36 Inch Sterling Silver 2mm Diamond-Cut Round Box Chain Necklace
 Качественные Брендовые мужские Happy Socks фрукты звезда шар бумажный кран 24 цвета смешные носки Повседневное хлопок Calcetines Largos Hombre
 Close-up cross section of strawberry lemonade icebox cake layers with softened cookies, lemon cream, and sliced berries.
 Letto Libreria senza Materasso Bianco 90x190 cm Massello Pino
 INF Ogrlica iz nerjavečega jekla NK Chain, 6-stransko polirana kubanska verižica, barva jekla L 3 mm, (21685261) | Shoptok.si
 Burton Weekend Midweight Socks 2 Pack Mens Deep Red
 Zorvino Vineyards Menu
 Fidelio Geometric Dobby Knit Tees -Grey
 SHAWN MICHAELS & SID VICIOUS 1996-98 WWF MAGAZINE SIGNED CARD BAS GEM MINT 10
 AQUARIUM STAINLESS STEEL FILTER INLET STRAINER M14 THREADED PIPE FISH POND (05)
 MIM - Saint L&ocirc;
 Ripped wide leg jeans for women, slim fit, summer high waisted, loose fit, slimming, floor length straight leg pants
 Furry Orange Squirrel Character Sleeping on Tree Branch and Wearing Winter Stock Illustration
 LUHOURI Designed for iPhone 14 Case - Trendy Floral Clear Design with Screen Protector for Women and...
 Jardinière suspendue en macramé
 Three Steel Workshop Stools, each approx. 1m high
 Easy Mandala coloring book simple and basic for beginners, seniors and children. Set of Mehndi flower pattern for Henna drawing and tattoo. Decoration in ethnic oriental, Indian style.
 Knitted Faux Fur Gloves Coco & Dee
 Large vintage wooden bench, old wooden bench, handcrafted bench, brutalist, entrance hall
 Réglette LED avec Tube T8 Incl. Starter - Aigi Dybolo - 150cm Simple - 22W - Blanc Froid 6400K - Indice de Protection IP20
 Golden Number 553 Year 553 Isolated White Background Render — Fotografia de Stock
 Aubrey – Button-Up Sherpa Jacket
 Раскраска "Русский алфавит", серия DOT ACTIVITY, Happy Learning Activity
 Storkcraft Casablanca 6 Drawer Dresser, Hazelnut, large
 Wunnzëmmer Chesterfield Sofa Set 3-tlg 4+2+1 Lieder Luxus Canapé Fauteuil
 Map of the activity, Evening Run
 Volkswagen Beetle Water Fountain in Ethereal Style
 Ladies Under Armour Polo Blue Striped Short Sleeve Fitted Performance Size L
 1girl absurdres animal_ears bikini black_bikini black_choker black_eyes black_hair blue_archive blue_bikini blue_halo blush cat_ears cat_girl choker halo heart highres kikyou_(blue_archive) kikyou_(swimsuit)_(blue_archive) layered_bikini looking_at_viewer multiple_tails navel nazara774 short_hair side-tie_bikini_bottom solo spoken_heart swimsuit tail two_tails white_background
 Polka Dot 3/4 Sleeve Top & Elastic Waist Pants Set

■ ■ ■

### AIM OF THE EXERCISE
Copy out precisely the lines from the line with "Jardinière suspendue en macramé" to the line with "Ladies Under Armour" in the material above, including those two lines and omitting all the rest.

### RESPONSE AREA
 Jardinière suspendue en macramé
 Three Steel Workshop Stools, each approx. 1m high
 Easy Mandala coloring book simple and basic for beginners, seniors and children. Set of Mehndi flower pattern for Henna drawing and tattoo. Decoration in ethnic oriental, Indian style.
 Knitted Faux Fur Gloves Coco & Dee
 Large vintage wooden bench, old wooden bench, handcrafted bench, brutalist, entrance hall
 Réglette LED avec Tube T8 Incl. Starter - Aigi Dybolo - 150cm Simple - 22W - Blanc Froid 6400K - Indice de Protection IP20
 Golden Number 553 Year 553 Isolated White Background Render — Fotografia de Stock
 Aubrey – Button-Up Sherpa Jacket
 Раскраска "Русский алфавит", серия DOT ACTIVITY, Happy Learning Activity
 Storkcraft Casablanca 6 Drawer Dresser, Hazelnut, large
 Wunnzëmmer Chesterfield Sofa Set 3-tlg 4+2+1 Lieder Luxus Canapé Fauteuil
 Map of the activity, Evening Run
 Volkswagen Beetle Water Fountain in Ethereal Style
 Ladies Under Armour Polo Blue Striped Short Sleeve Fitted Performance Size L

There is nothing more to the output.